For writes using the enhanced write command ETD_WRITE, the IOExtTD is set
the same as above with the addition of setting iotd_Count to the current
diskchange number.  The diskchange number is returned by the TD_CHANGENUM
command (see below).  If you wish to also write the sector label area, you
must set iotd_SecLabel to a non-NULL value.

    DiskIO->iotd_Req.io_Length = TRACK_SIZE;
    DiskIO->iotd_Req.io_Data = (APTR)Writebuffer;
    DiskIO->iotd_Req.io_Offset = (ULONG)(TRACK_SIZE * tracknum);
    DiskIO->iotd_Count = change_count;
    DiskIO->iotd_Req.io_Command = ETD_WRITE;
    DoIO((struct IORequest *)DiskIO);

ETD_WRITE and CMD_WRITE obey all of the trackdisk device restrictions
noted above. They transfer data from the user's buffer to the track
buffer. If the track that contains this sector is already in the track
buffer, no disk activity is initiated. If the desired sector is not in the
buffer, the track containing that sector is automatically read in. If the
data in the current track buffer has been modified, it is written out to
the disk before a new track is read in for modification.

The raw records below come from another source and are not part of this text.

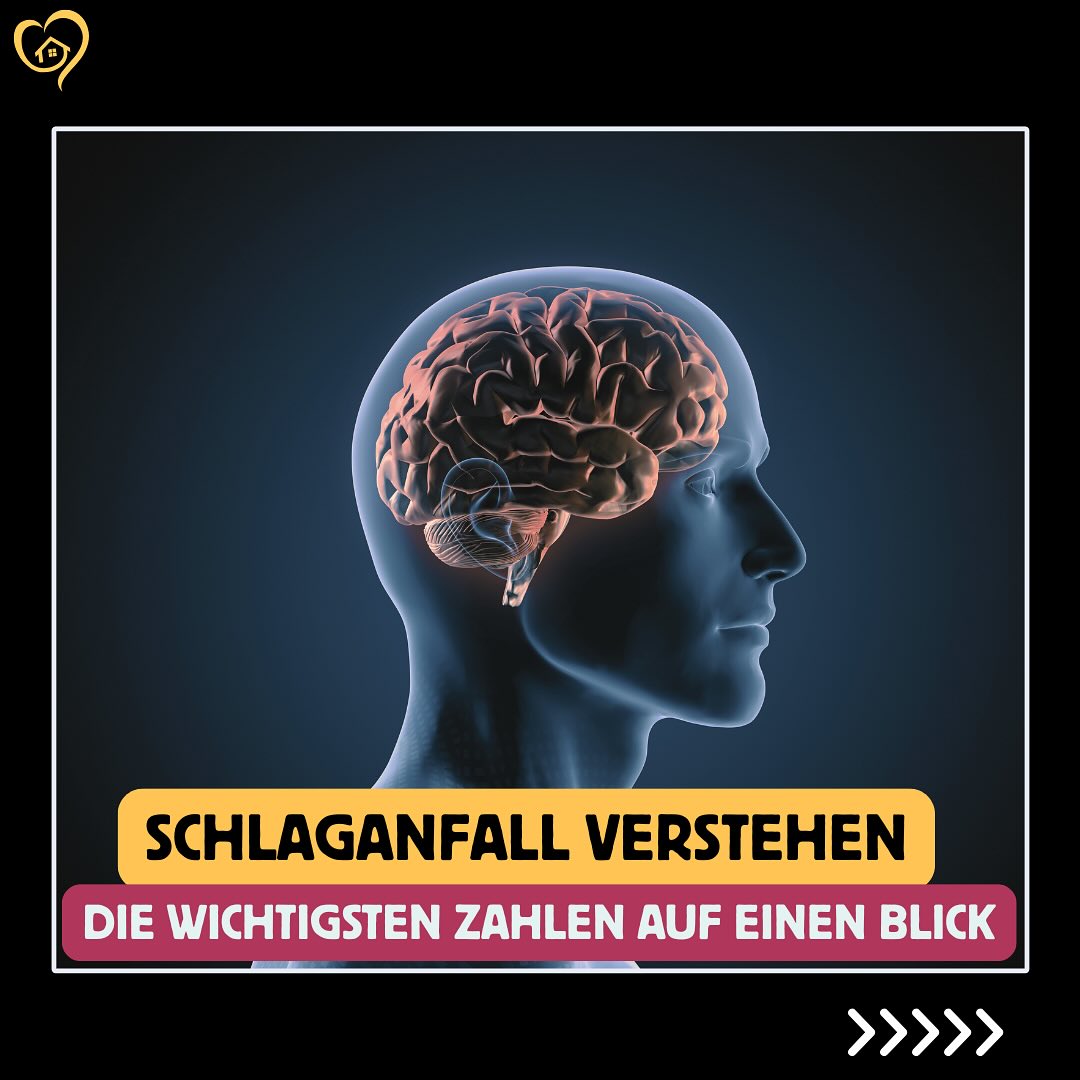 Wusstest du, dass 80 % aller Schlaganfälle vermeidbar sind?
Trotzdem trifft es allein in Deutschland jedes Jahr rund 270.000 Menschen – viele davon völlig unerwartet.
Erkenne die Warnzeichen. Handle schnell.
Denn: Jede Minute zählt.
#schlaganfall #erstehilfe #fasttest #lebenretten #gesundheitswissen #alltagshilfe #jedesekundezählt #schlaganfallprävention #seniorenbetreuung #pflegemitherz #alltagshelden
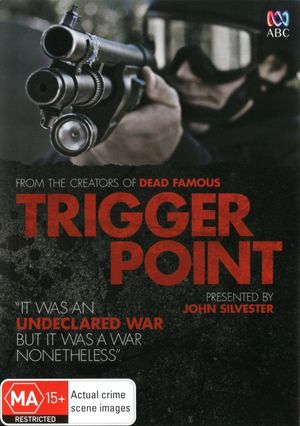 Trigger Point's poster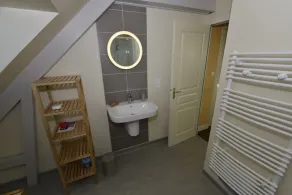 Enestående beliggenhed med en fantastisk havudsigt - Image 3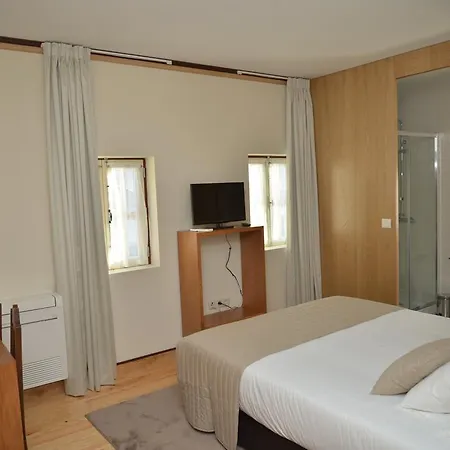 Casa Cachada Guest House Braga Room photo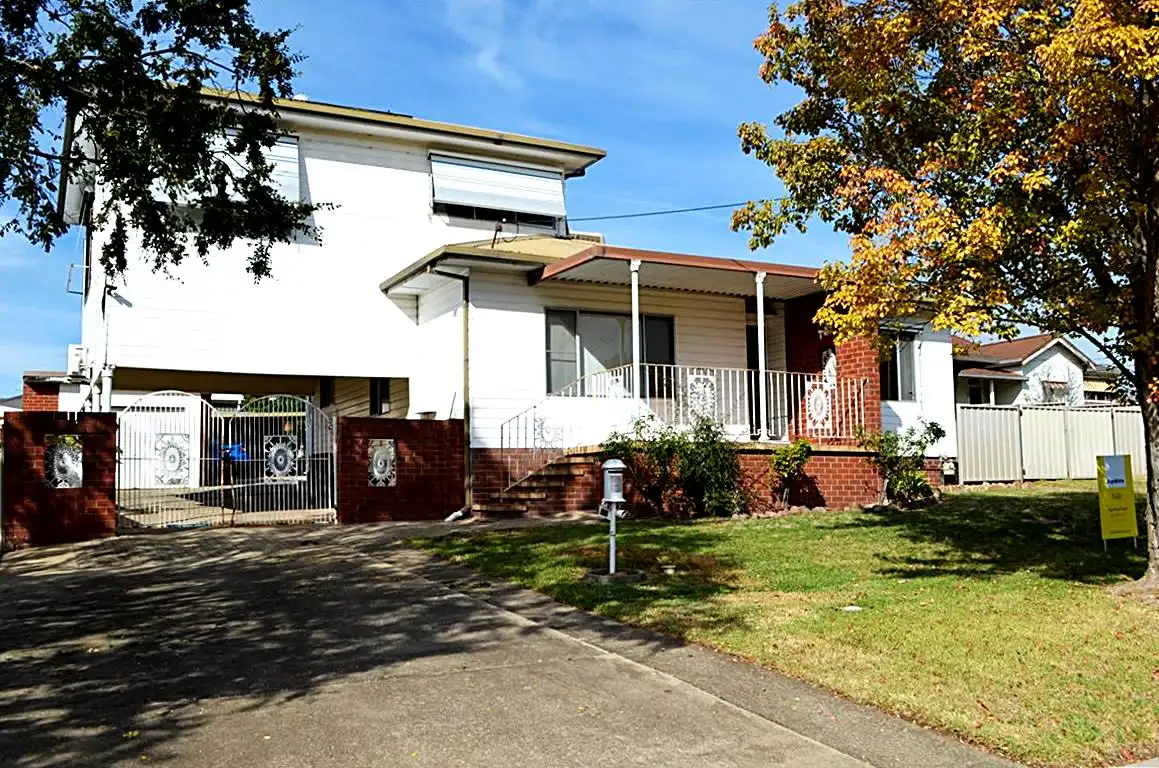Main view of Homely house listing, 28 Howick Street, Tumut NSW 2720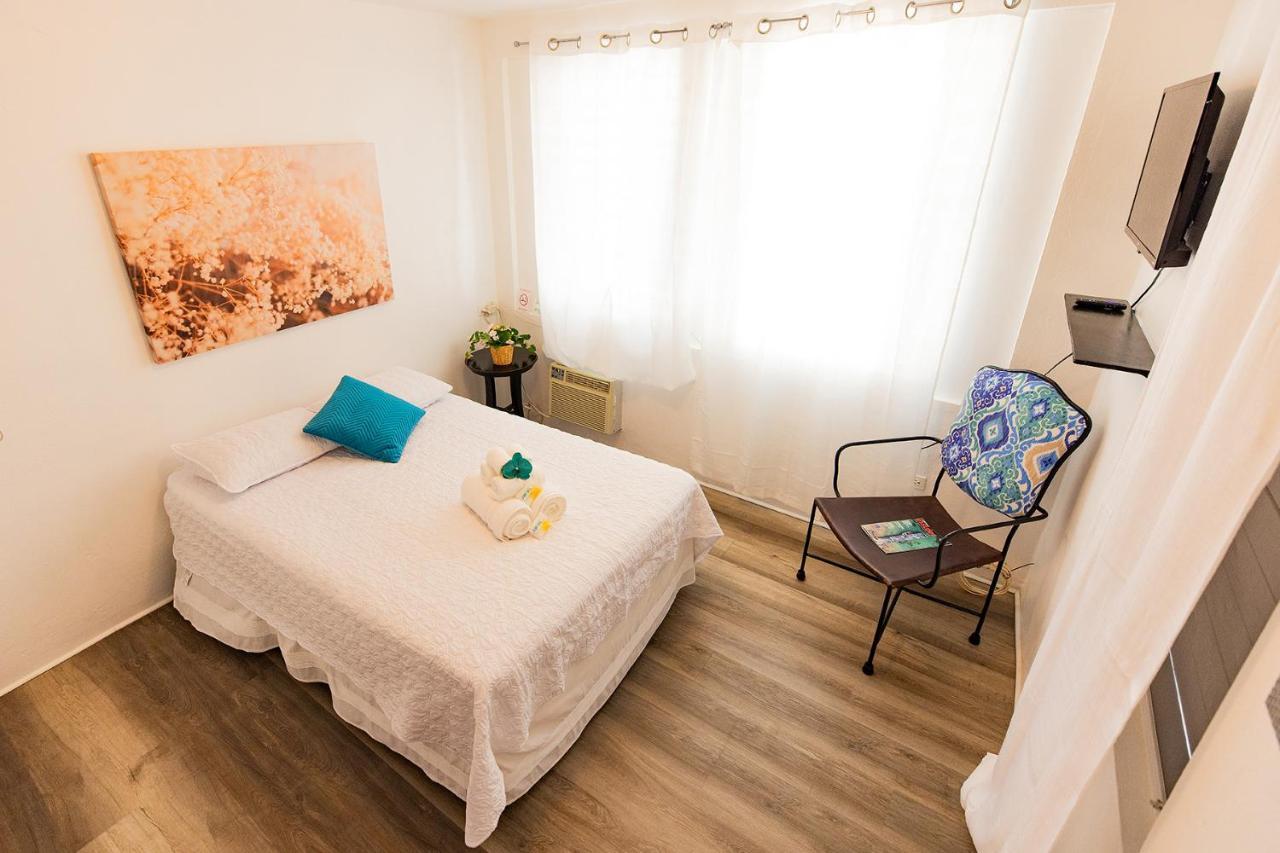 Vieques Tropical Guest House Luaran gambar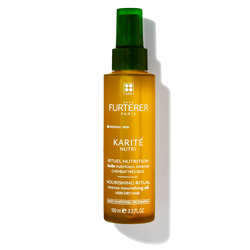 Rene Furterer - Karite Nutri Intense Nourishing Oil - Buy Online at Beaute.ae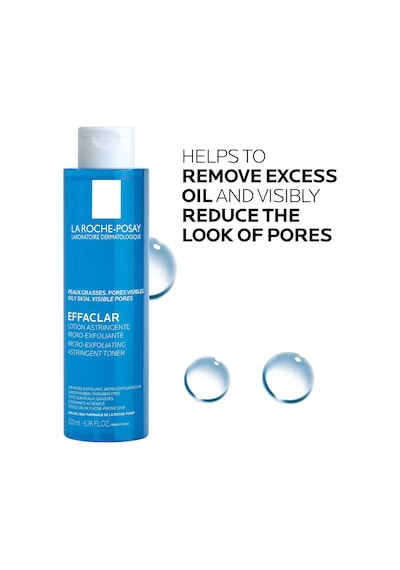 La Roche-posay Effaclar Mikro Soyucu Tonik 200 Ml Diğer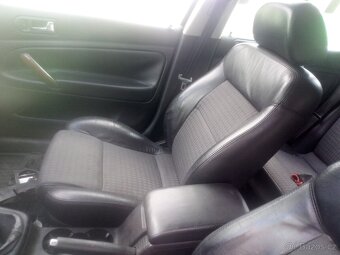 Prodám náhradní díly VW Passat b5.5 2.5tdi - 5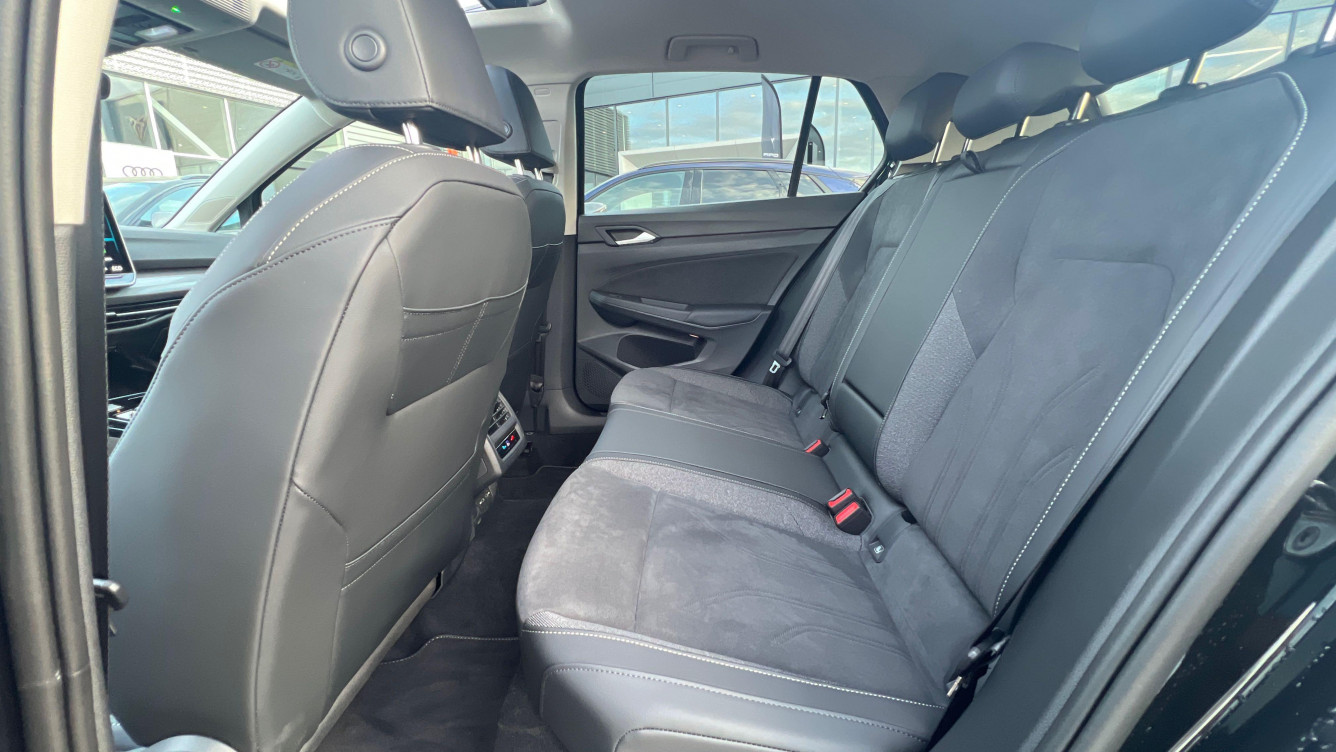 Acheter Volkswagen Golf Golf 1.5 eHybrid 204 DSG6 Style 5p neuf dans les concessions du Groupe Faurie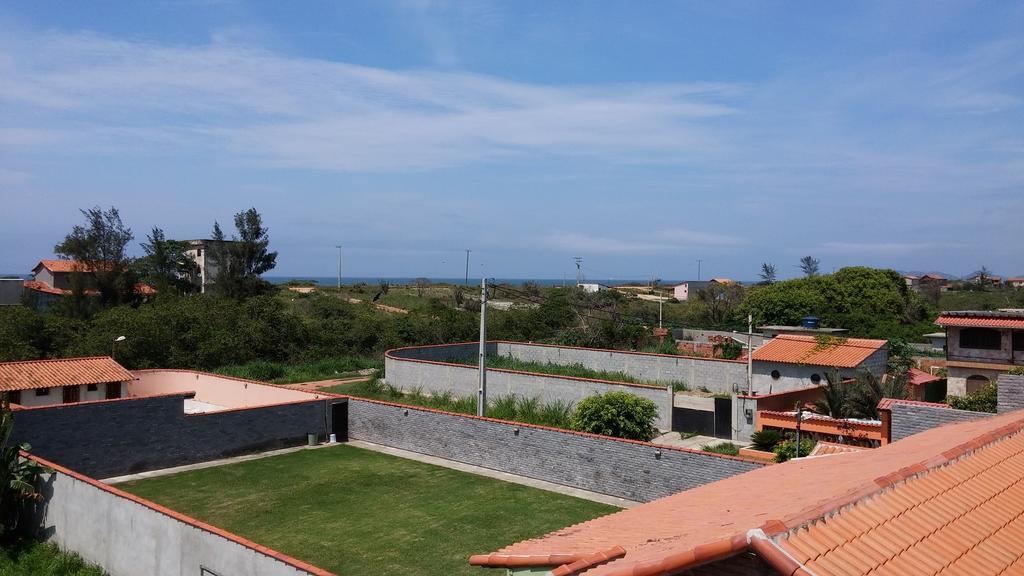 Forte Do Pouso Hospedagens Saquarema Εξωτερικό φωτογραφία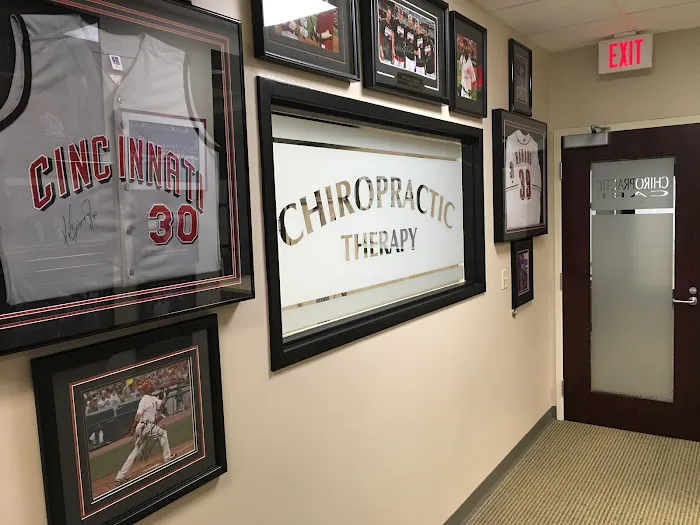 Cincinnati Spine and Sport Picture 6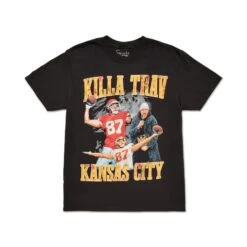 Squints Killa Trav Tee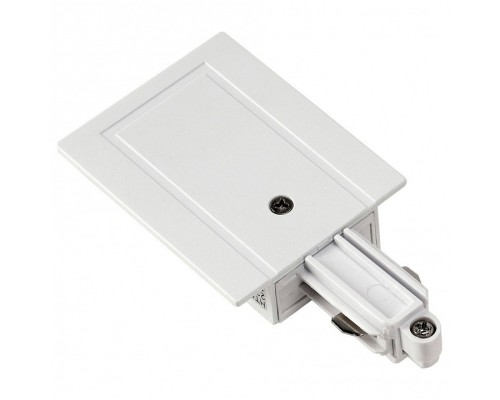 Заглушка SLV 1Phase-Track R 143241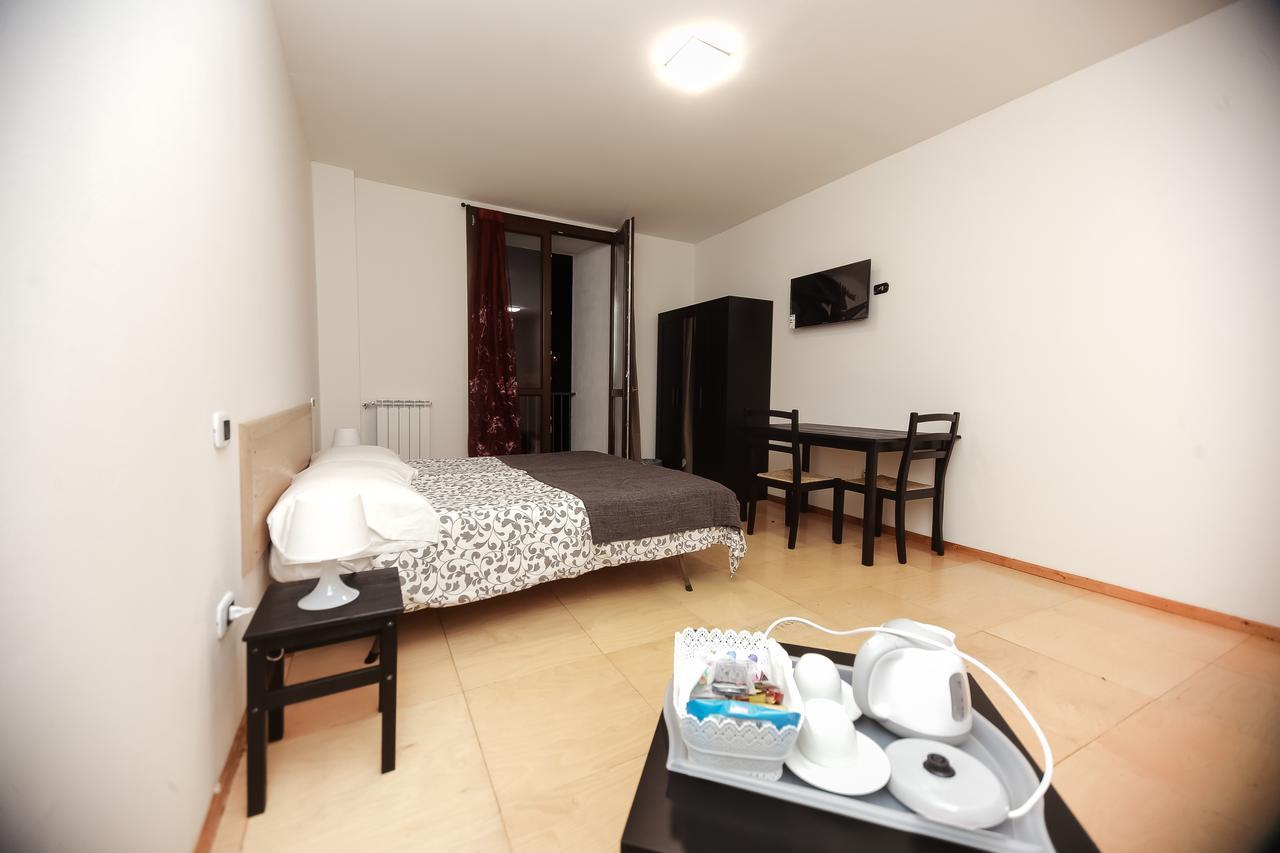 La Boheme Smart Hotel Turin Exterior foto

As with all devices, you must close the trackdisk device when you have
finished using it. To release the device, a CloseDevice() call is executed
with the same IOExtTD used when the device was opened. This only closes
the device and makes it available to the rest of the system. It does not
deallocate the IOExtTD structure.

    CloseDevice((struct IORequest *)DiskIO);

 Determining The Drive Geometry Table 	  Updating A Track Sector 
 Clearing The Track Buffer 		  Formatting A Track 
 Controlling The Drive Motor 		  Ejecting A Disk 

The layout geometry of a disk drive can be determined by using the
TD_GETGEOMETRY command.  The layout can be defined three ways:

   *  TotalSectors

   *  Cylinders and CylSectors

   *  Cylinders, Heads, and TrackSectors.

Of the three, TotalSectors is the most accurate, Cylinders and CylSectors
is less so, and Cylinders, Heads and TrackSectors is the least accurate.
All are usable, though the last two may waste some portion of the
available space on some drives.

The TD_GETGEOMETRY commands returns the disk layout geometry in a
DriveGeometry structure:

    struct DriveGeometry
    {
        ULONG dg_SectorSize;      /* in bytes */
        ULONG dg_TotalSectors;    /* total # of sectors on drive */
        ULONG dg_Cylinders;       /* number of cylinders */
        ULONG dg_CylSectors;      /* number of sectors/cylinder */
        ULONG dg_Heads;           /* number of surfaces */
        ULONG dg_TrackSectors;    /* number of sectors/track */
        ULONG dg_BufMemType;      /* preferred buffer memory type */
                                  /* (usually MEMF_PUBLIC) */
        UBYTE dg_DeviceType;      /* codes as defined in the SCSI-2 spec*/
        UBYTE dg_Flags;           /* flags, including removable */
        UWORD dg_Reserved;
    };

See the include file devices/trackdisk.h for the complete structure
definition and values for the dg_DeviceType and dg_Flags fields.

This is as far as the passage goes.